An advisory board of the Dutch government met with Commissioners Reginald Zaandam (United People’s Coalition, UPC) and Astrid McKenzie-Tatem (Progressive Labour Party, PLP) and ministry representatives in the conference room at Old Gin House.

Dutch Government Representative Gilbert Isabella and Hyden Gittens and Manus Twisk of Committee for Financial Supervision (CFT) were also called to be heard. Island Governor Gerald Berkel, Island Secretary Koos Bartelds, Island Council Members Richelline Leerdam and Clyde van Putten (both PLP) and Frini Adelka Spanner and Nicolaas Sneek (both Democratic Party, DP) were among the audience.

The Ministry’s standpoint is that the Executive Council is not admissible in the case since the instruction for the supervision was given to the Government Representative and the interests of the Executive Council are therefore not directly affected.

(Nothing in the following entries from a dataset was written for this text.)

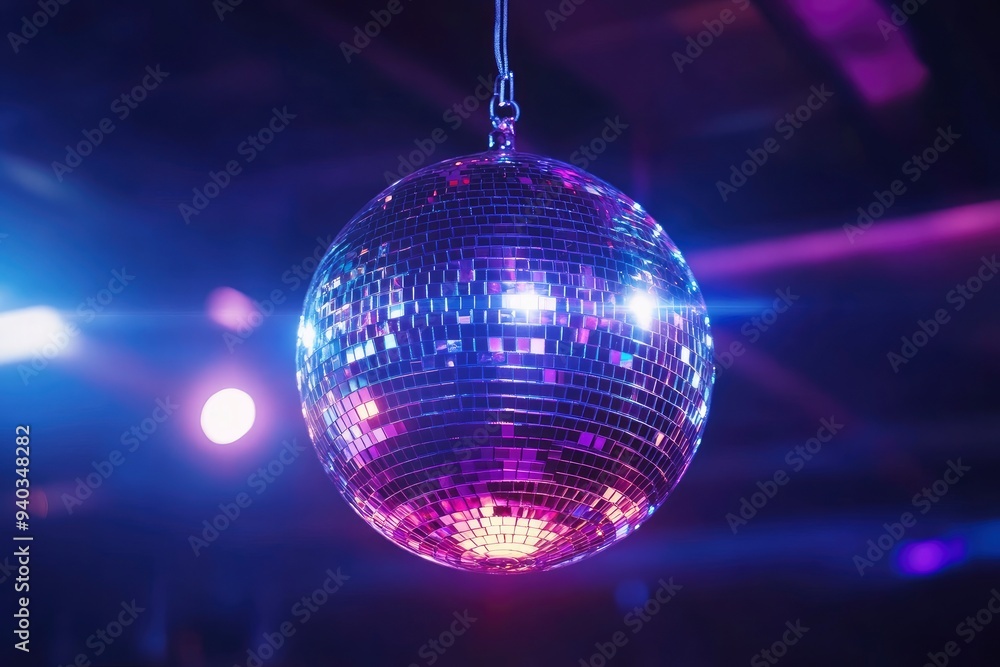 Obraz premium disco ball with mirror surface and bright rays, hanging on ceiling, night party background , ai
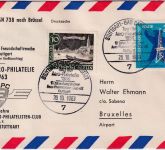 BRD - SABENA Sonderflug Stuttgart Brüssel 1963 Tag d. Aero-Philatelie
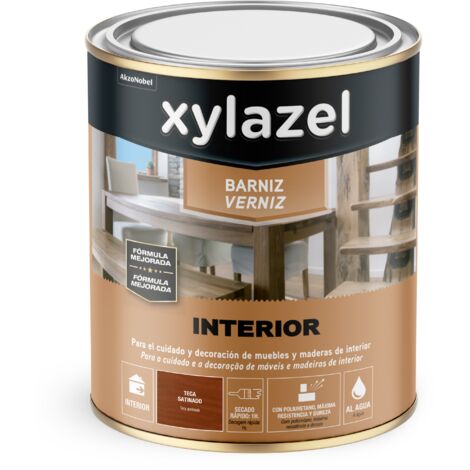 Xylazel Barniz Interior al Agua Satinado Teca 750 ml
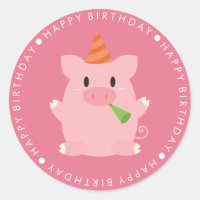 Cute Pink Pig Happy Birthday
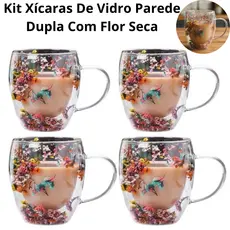 Kit Caneca Xícara de Vidro Duplo Parede Dupla Florida Flor Seca Bebidas Café Chá Expresso
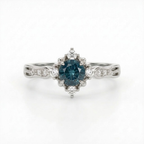 Round London Blue Topaz Vintage November Birthstone Silver Ring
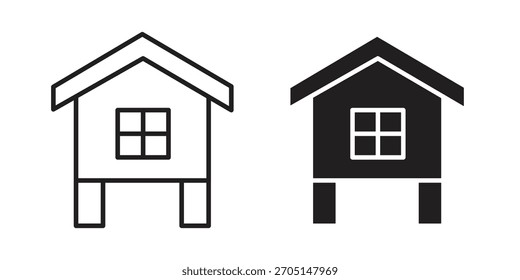 Chicken coop icon vector modern flat and stroke designs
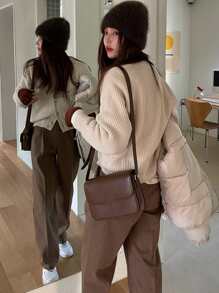 DAZY Cárdigan De Punto Con Manga Raglán Y Ribetes - Albaricoque - Ver 6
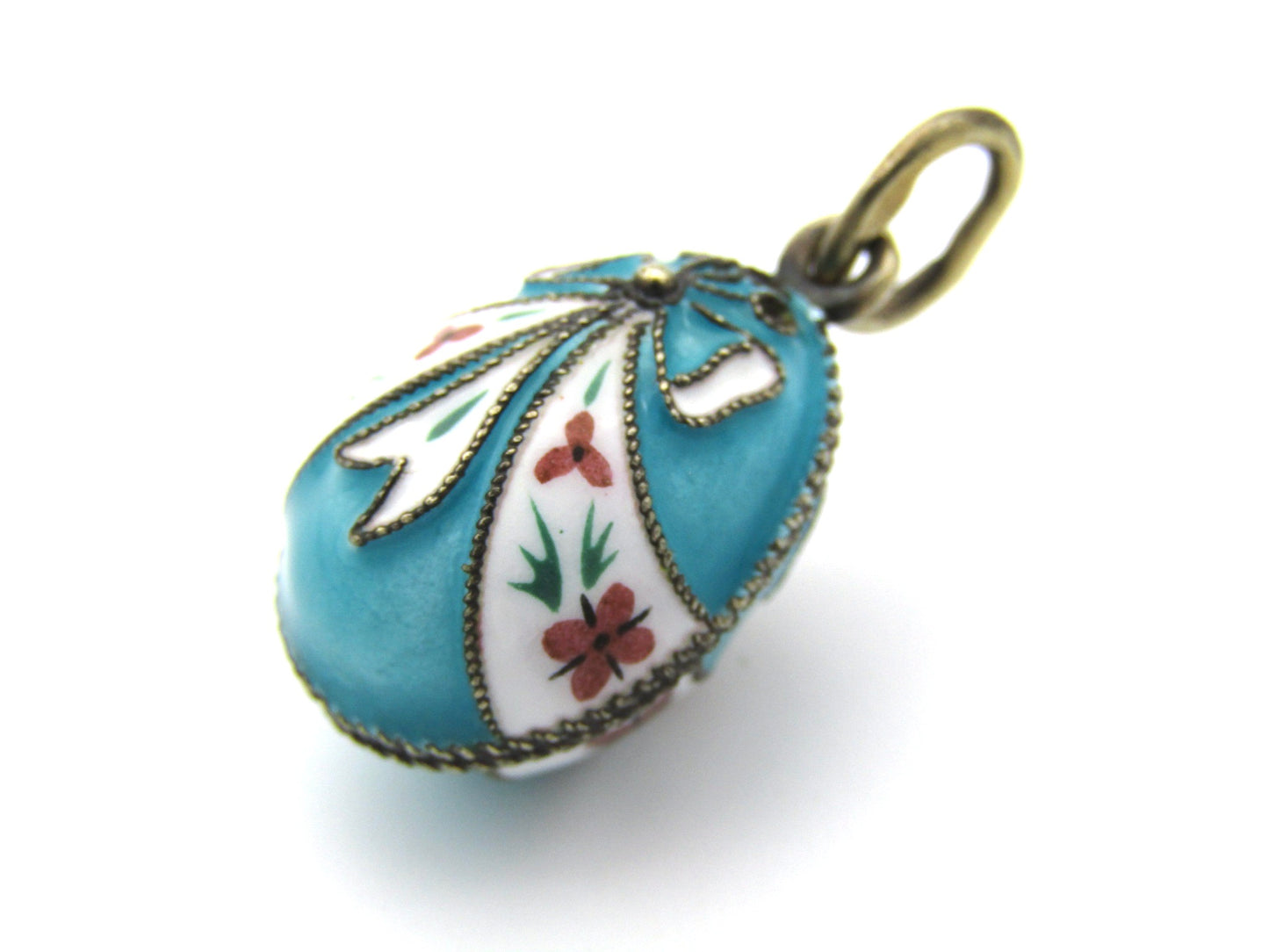 Russian silver enamel egg pendant, circa 1960's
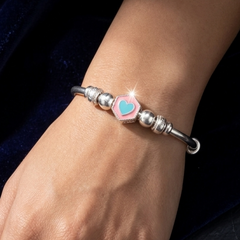 Enamel Heart Hexagon Slider Bracelet
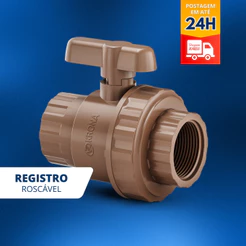 Registro De Esfera PVC Roscável Com União KRONA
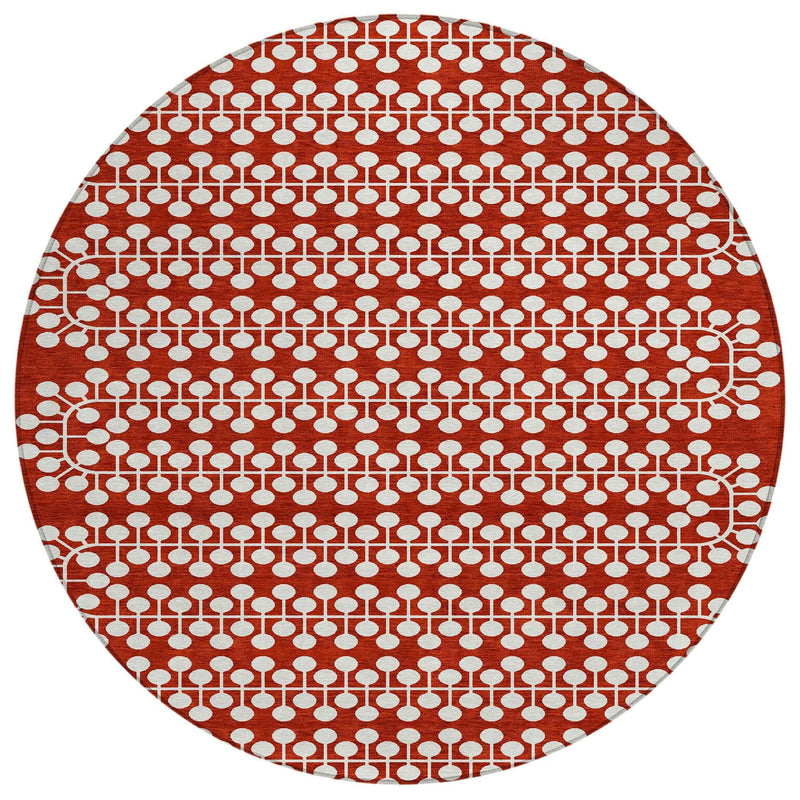 8' Red And Ivory Round Geometric Washable Indoor Outdoor Area Rug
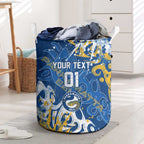 Personalized Parramatta Eels Rugby Laundry Basket Urban Street Graffiti Style - Distressed Splatter Elements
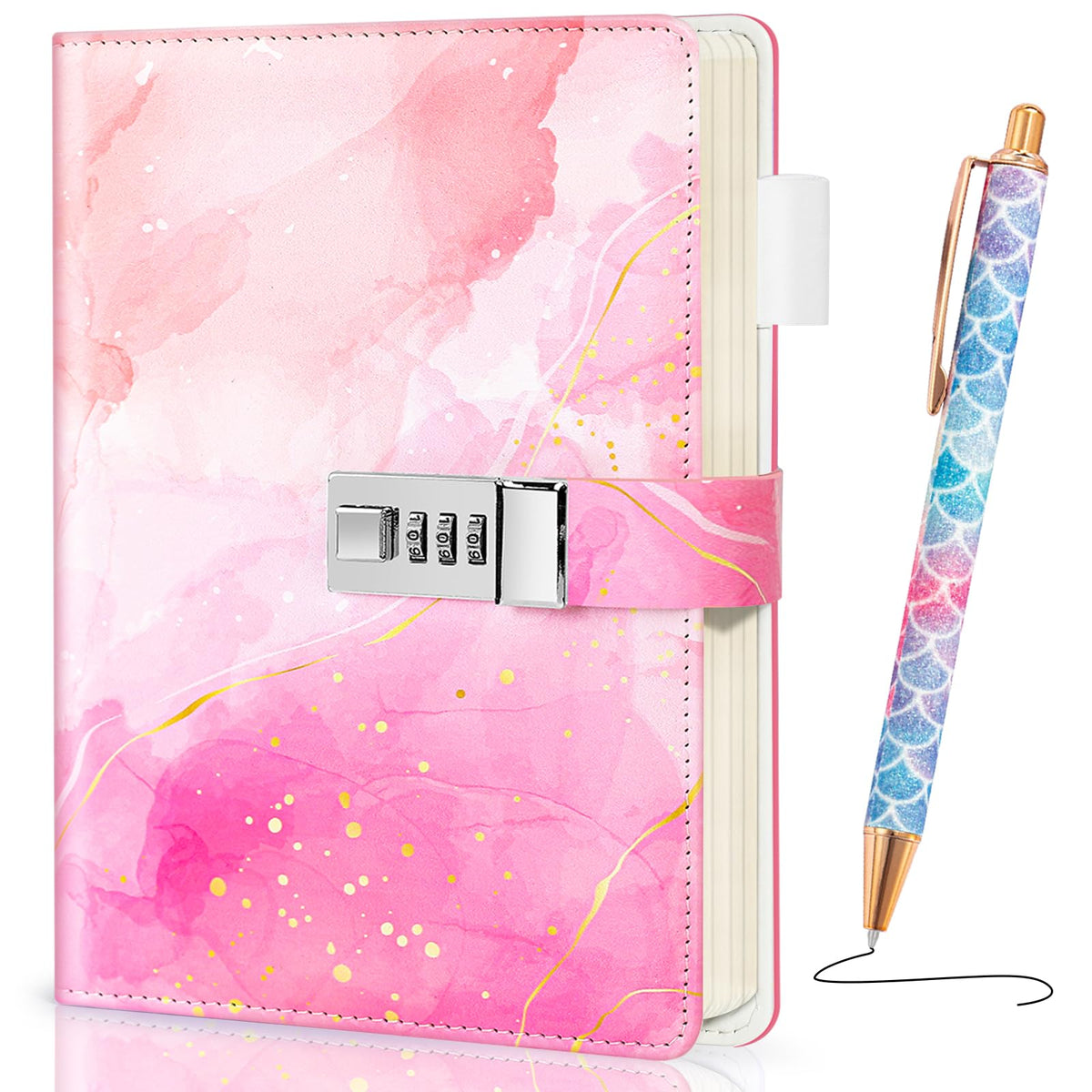 Beadsky Diary with Lock cover close-up highlighting secure privacy for personal thoughts.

Commissioner McKenzie refuted this by pointing out that the letter was addressed directly to the Executive Council. A letter was sent separately to the Government Representative the day after. Moreover, the supervision means that all Executive Council decisions have to be shared with the Government Representative without delay, so the Council is directly affected.

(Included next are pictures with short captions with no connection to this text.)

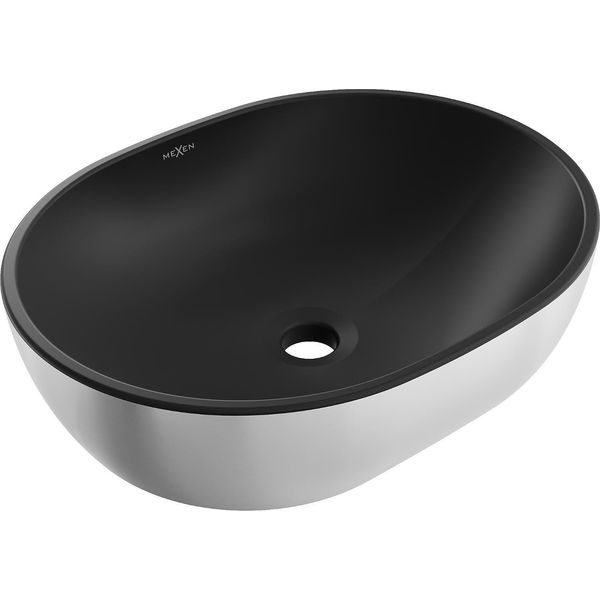Mexen Viki Lavabo Da Appoggio 48 X 35 Cm, Nero Opaco/Argento - 21054874-image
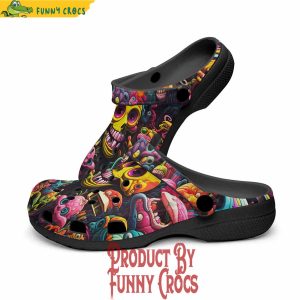 Psychedelic Weird Skulls And Monsters Colorful Crocs Shoes 1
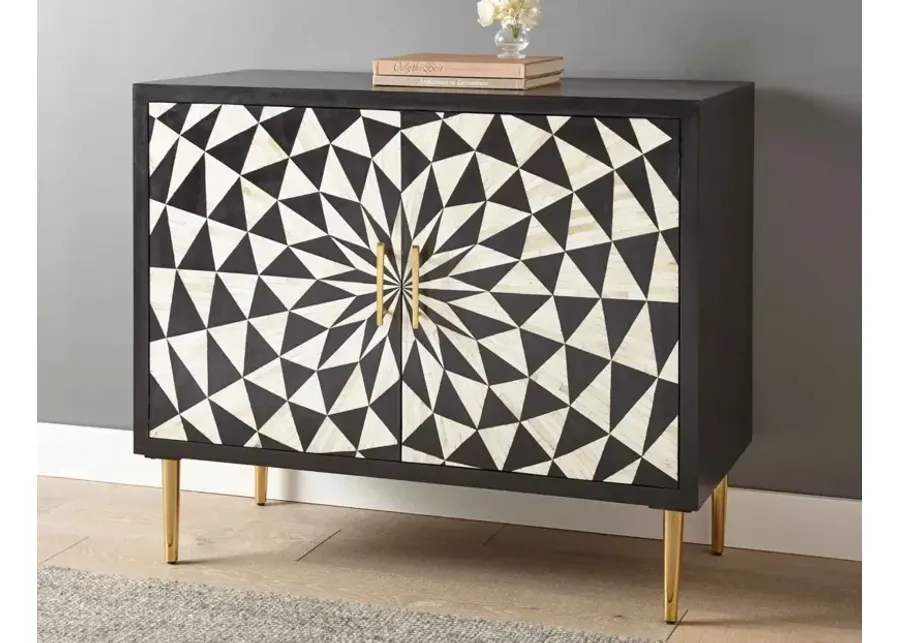 Steve Silver Benzara 2-Door Bone Inlay Accent Cabinet In Black & White-43.25
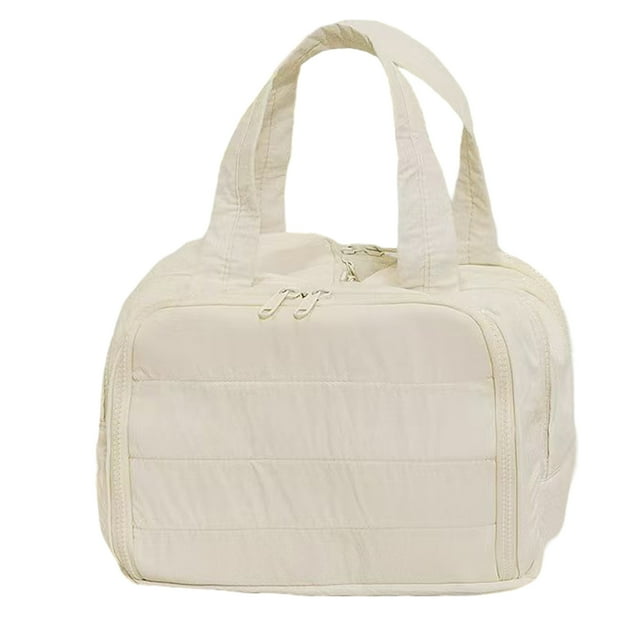 Naiovety Bolsa de maquillaje de gran capacidad y bien organizada que evita confusiones con 4 compartimentos. Almacenamiento y organización del hogar Blanquecino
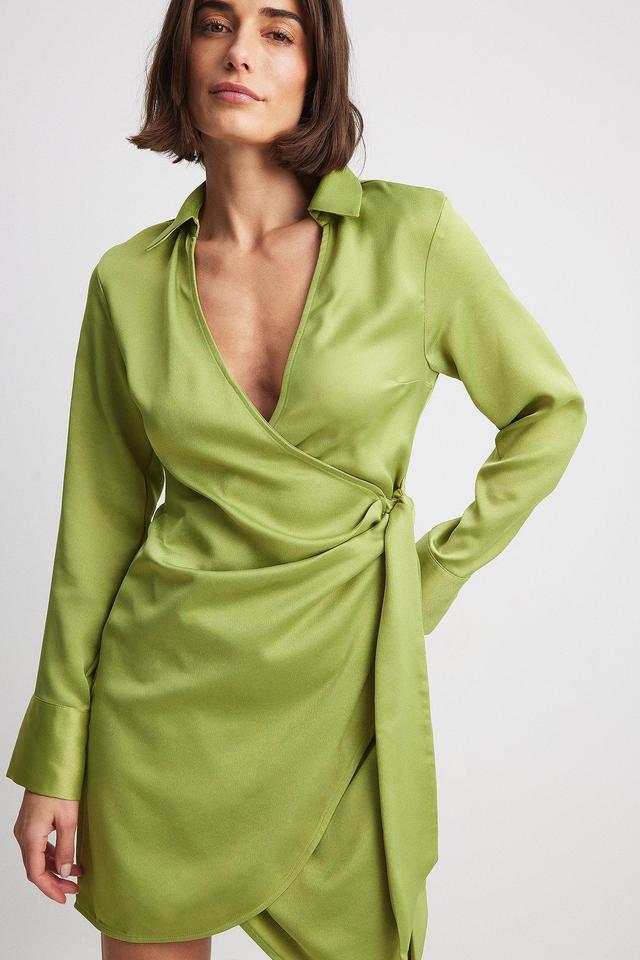 Draped Wrap Mini Dress Product Image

McKenzie motivated the appeal in emphasizing that the consecutive phases of the procedure to come to an instruction like this were not followed by the Ministry. Instead, the supervision was imposed quite abruptly.

She also pointed at various inconsistencies in the Ministry’s motivation for the supervision on the basis of financial mismanagement. The appointment of a new investment officer without prior approval is an issue that the previous responsible Commissioner has already admitted was a result of misjudgement on his part. It can therefore not be used as justification for supervision, since it was not part of a pattern and did not happen again, according to McKenzie.

The appointment of her brother in another position did not go through, which McKenzie used to illustrate that the system of checks and balances actually works and does not require higher supervision.

Zaandam emphasized that no law was broken by any staff appointment and that if this turns out to be the case, the Governor and Government Representative are just as much to blame, because they were part of all procedures.

McKenzie concluded that the decision to impose supervision was based on arbitrary, subjective conclusions, while it makes it more difficult to actually remedy the situation.

Later, she also stated that there is no identification of what the actual problems are that need to be solved. “Is there a file? What are the points?" she asked.

She also stated there are solid agreements with CFT that work well. “So why is this supervision necessary? It is premature,” she maintained.


No boycott

The Ministry denied that the decision came out of the blue and stated that expertise and manpower had been offered to the Island Government on several occasions. It was said that there was no boycott of Statia, as McKenzie had mentioned, but “We do not feel to discuss other matters while the efficiency of the island’s administration is not in order,” said Director Kingdom Affairs at the Ministry of Home Affairs Erwin Arkenbout. The multi-annual plan, however, has been put on hold, he admitted.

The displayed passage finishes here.